The living donor
liver transplantation (LDLT) experience for patients with hepatitis B virus (HBV)
infection is still limited. Because LDLT can be performed electively, it can provide an appropriate length of time to reduce HBV
DNA levels before the operation. This study aims to examine the feasibility of our protocol for preventing HBV
reinfection after LDLT. Of 20 patients analyzed, 15 patients had detectable serum HBV
DNA when referred to our hospital. Thirteen patients had
hepatocellular carcinoma. All patients were treated with
lamivudine (100 mg/d) before LDLT. After LDLT,
hepatitis B immunoglobulin (
HBIG) was administered to maintain serum antibody to
hepatitis B surface antigen titers at greater than 1,000 IU/mL for 1 year and 200 IU/mL thereafter.
Lamivudine was not administered postoperatively, except for three patients with detectable serum HBV
DNA just before LDLT. All patients survived the operation.
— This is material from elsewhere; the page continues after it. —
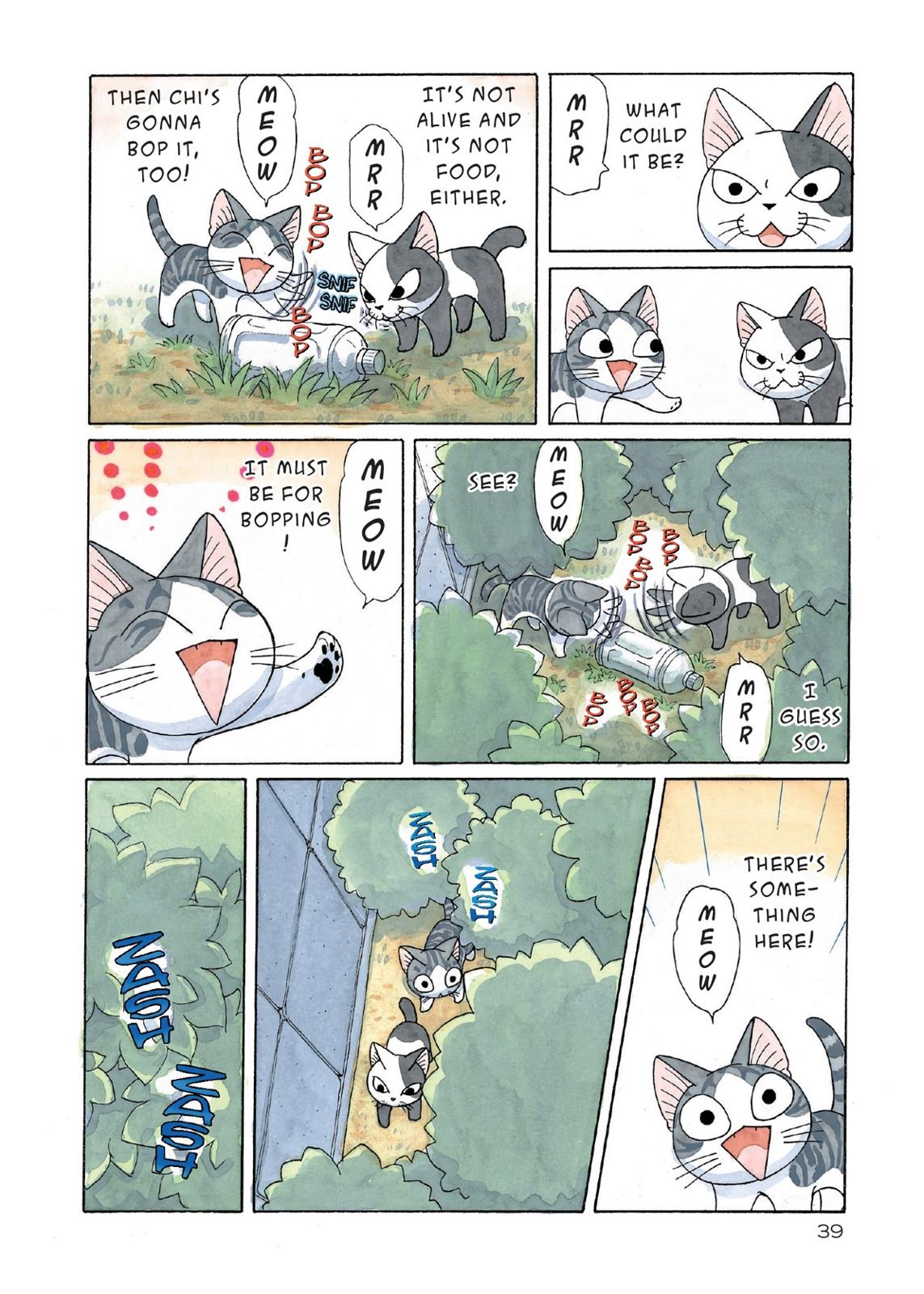 Chii's Sweet Home Chapter 133 page 5 - Chapter 133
One patient died 229 days after LDLT of
carcinoma recurrence. In the other 19 patients, liver function has remained normal and no viral relapse occurred postoperatively during a median follow-up of 19 months. Perioperative use of
lamivudine and indefinite
HBIG administration in the postoperative period might be a rational strategy for preventing HBV
reinfection after LDLT.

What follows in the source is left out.